Les malheurs d’un vicaire de Rongas (1737)

 
François Julien est curé de St Maurice de Rongas depuis le début de 1736. En cette fin d’année 1737 il a 36 ans. Il se dit curé mais dans la réalité il est vicaire perpétuel, sa paroisse est une annexe de St Gervais prieuré qui à cette époque dépend de l’abbaye de Villemagne 
Il restera en fonction à Rongas jusqu’en octobre 1742. 
Son arrivée n’est pas appréciée de tous, il est en butte avec quelques habitants de Rongas qu’il qualifie de mutins et de cabales. Pourquoi cette opposition ?
Il a décidé d’appliquer strictement les ordonnances  provinciales  (en particulier du lieutenant général le marquis de la Fare) sur les assemblées nocturnes,  les chansons de nuit dans les rues et la fréquentation des cabarets aux heures des offices des dimanches et des fêtes.
Tout naturellement, en représailles il est en butte à l’hostilité de la jeunesse
 
Le mercredi 27 novembre 1737 il se présente devant le viguier de St Gervais Jacques Portalon
Il dénonce le harcèlement dont il est victime de la part de paroissiens qui l’insultent par des paroles , outrageantes des chansons profanes qu'ils accoutument de venir chanter sous sa fenêtre pendant la nuit en le nommant dans les paroles
 
Dans la nuit du samedi 23 au dimanche 24 dernier ils vinrent bloquer la maison du plaignant dont ils fermèrent la porte avec une barre ou une corde pour empêcher qu'il ne pût sortir.
 
Et le même jour dimanche vers huit heures du soir ils commencèrent à chanter des chansons profanes devant sa maison jusqu'à la pointe du jour du lundi faisant un grand carillon avec des pierres afin de l’empêcher de dormir et l'obliger à se lever du lit dans la rue  et sans doute de le maltraiter
Ils ont continué les mêmes assemblées la nuit du lundi jour suivant et jetant des pierres aux fenêtres  et sans doute qu'ils continueront les mêmes insultes si il n'y est pourvu de sorte que le plaignant qui ne serait pas en sureté dans sa maison et qui est journellement insulté parce qu'il veut remplir les devoirs de son ministère et faire exécuter les ordonnances de monseigneur marquis de la Fare.
 
Jusqu’ici aucun officier de justice aucun consul n'a voulu s'informer.
Il porte plainte et demande justice contre 8 personnes de la paroisse « les plus mutins dans les assemblées » :
Antoine Roques garçon maçon restant avec Rivemale de Rongas
Pierre combes dit Longou
Jean Jacques Loubet dit Donnac
Jean et Etienne Abbal frères de Rongas
Pierre Pic berger de Jean Mas
Jean Jacques Bonnet
Jean Loubet du masage de Salles
 
Le mercredi 28 novembre sont convoqués 5 témoins :
André Austry, Jean Jacques Mas, André Enjalbert, Jacques Saury, Pierre Austry et Pierre Combes.
Tous habitent près ou sur la place, donc voisins immédiats du curé, ils ne peuvent se défiler.
Leurs témoignages vont être assez imprécis.

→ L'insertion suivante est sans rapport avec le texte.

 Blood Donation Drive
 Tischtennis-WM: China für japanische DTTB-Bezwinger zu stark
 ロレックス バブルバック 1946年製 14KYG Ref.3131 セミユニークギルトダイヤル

Comme d’habitude, du simple fait que les évènements soient nocturnes, les témoins n’ont pas pu bien voir ni reconnaître personne. Il est néanmoins étonnant que certains disent avoir cru reconnaître la voix d’un tel ou untel.

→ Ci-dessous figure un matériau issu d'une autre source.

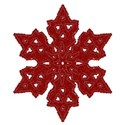 RedGlitterSnowflake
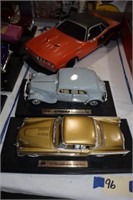 2 Die Cast Cars & Lg Plastic Car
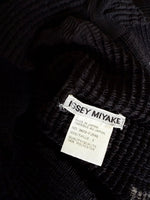 Lade das Bild in den Galerie-Viewer, *Issey Miyake* Cardigan Bluse Wave (L)
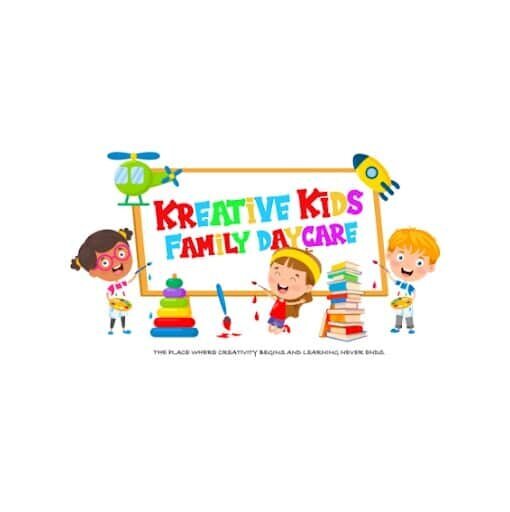 Kreative Kids Family Daycare Logo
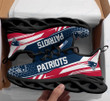 New England Patriots Yezy Running Sneakers BG497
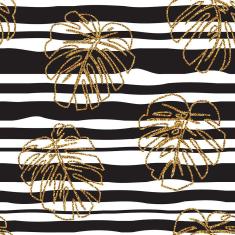 Imagem de Papel De Parede Adesivo Folha Natureza N02216 Rolo 0,58X3M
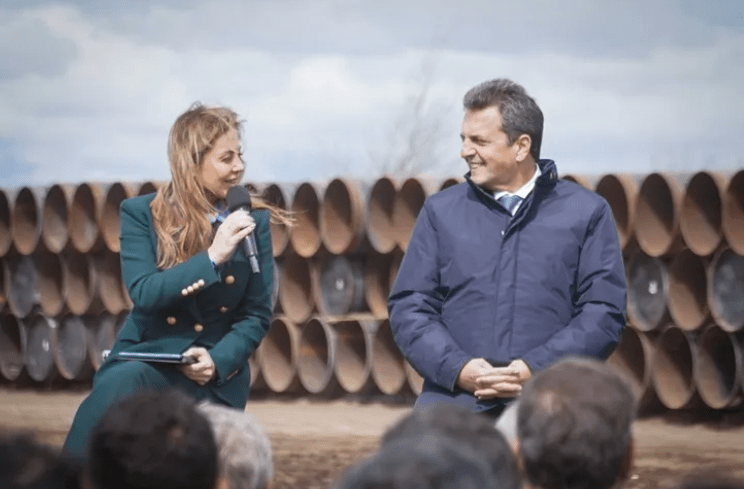 Flavia Royón, la mujer que Massa llevó a Energía, busca consolidarse en el&nbsp;Senado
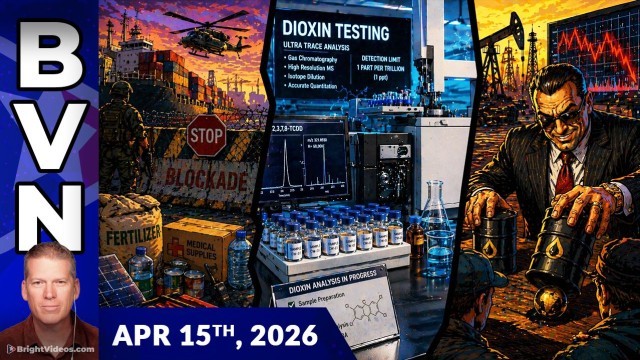 Food Products DIOXIN Test Results; Surviving the Blockade Ramifications; Oil Market Manipulations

Néanmoins, ces témoignages permettent de préciser les faits. Plutôt qu’une synthèse, voici le résumé de chaque déposition
André Austry, brassier de Rongas, 48 ans
Dans la nuit de dimanche à lundi, il était dans son lit et a entendu des jeunes hommes chantant des chansons profanes dans lesquelles on nommait M° Julien,. Is sont repassés vers 5 h du matin mais ne peut les reconnaître car chantaient ensemble et n’a pu distinguer les voix
 
Jean Jacques Mas, fils de Jacques, brassier de Rongas, 30 ans
Dimanche dernier vers 7 h du matin, il était à sa fenêtre et s'aperçut qu'on avait bloqué la porte de M° Julien curé de Rongas au moyen d'une corde et d'une barre qu'on y avait attaché. Le nommé Augé du Cros fut obligé d'ôter la barre et la corde pour que le curé puisse ouvrir sa porte.

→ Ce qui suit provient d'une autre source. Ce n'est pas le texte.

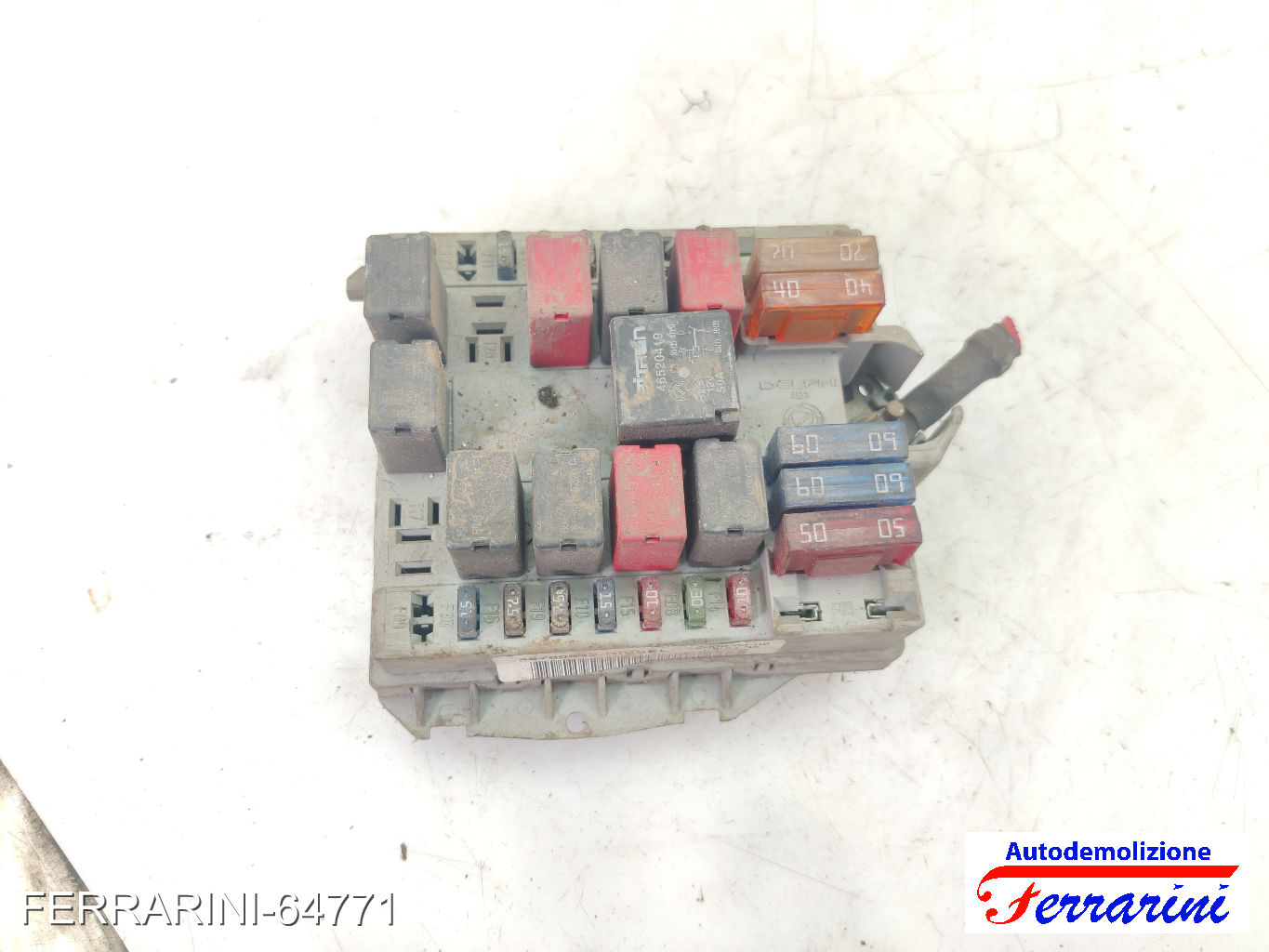 Body Computer FIAT DOBLO 223 1.9 JTD 2001-2023 46760542 11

Le même soir de dimanche il aurait entendu plusieurs jeunes hommes qui chantaient des chan sons profanes dans lesquelles on entendait le nom du curé et cela près de la maison presbytériale et a plusieurs reprises n'ayant pu distinguer qui faisait du bruit a cause qu'il était au lit.
Le lendemain lundi au soir sur les 7 heures il aurait également entendu chanter les mêmes chansons et aurait reconnu la voix que de Jacques Bonnet et Jacques Loubet de Las Salles.
 
Et le lendemain mardi au soir aurait entendu le même bruit et les  mêmes chansons nommant ledit Julien et alors il entendit qu'on jetait des pierres aux fenêtres du curé qui appelait  les voisins d'être mémoratifs des insultes qu'on lui faisait, le déposant ajoute qu'il a reconnu à la voix ce soir-là Jean Loubet, Jean Abbal et Pierre Pic berger de Jean Mas
 
 
André Enjalbert, brassier de Rongas, 30 ans
Dimanche dernier à deux heures du matin étant chez Louis Mounis, il entendit qu’on chantait devant le presbytère des chansons profanes. Il n’a pas reconnu qui c'était. Il est sorti avec Mounis après que le bruit ait cessé.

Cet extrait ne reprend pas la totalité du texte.